#### Stored data

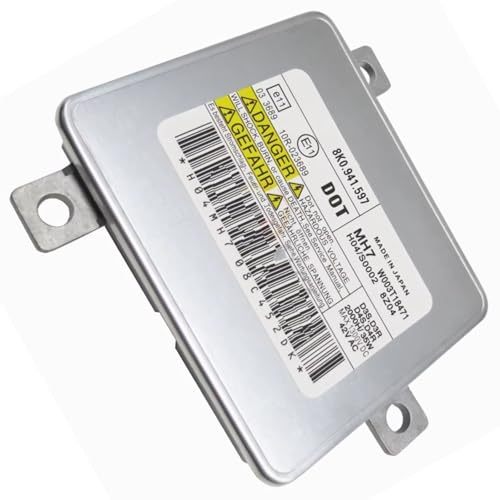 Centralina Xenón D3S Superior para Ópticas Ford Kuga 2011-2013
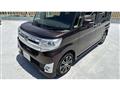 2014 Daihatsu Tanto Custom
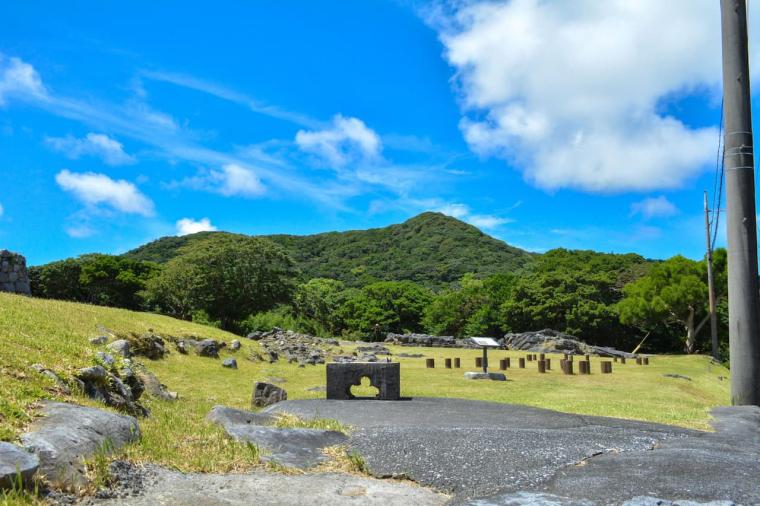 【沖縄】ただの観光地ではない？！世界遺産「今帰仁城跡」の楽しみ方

########
#### Stored data

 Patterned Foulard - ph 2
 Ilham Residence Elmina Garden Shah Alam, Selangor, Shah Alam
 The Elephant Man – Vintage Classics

########

Work instructions:
Within the material above, extract exactly the lines that start at the line containing "Patterned Foulard - ph 2" and stop after the line containing "Elephant Man – Vintage Classics", and only those.

Solution to this exercise:
 Patterned Foulard - ph 2
 Ilham Residence Elmina Garden Shah Alam, Selangor, Shah Alam
 The Elephant Man – Vintage Classics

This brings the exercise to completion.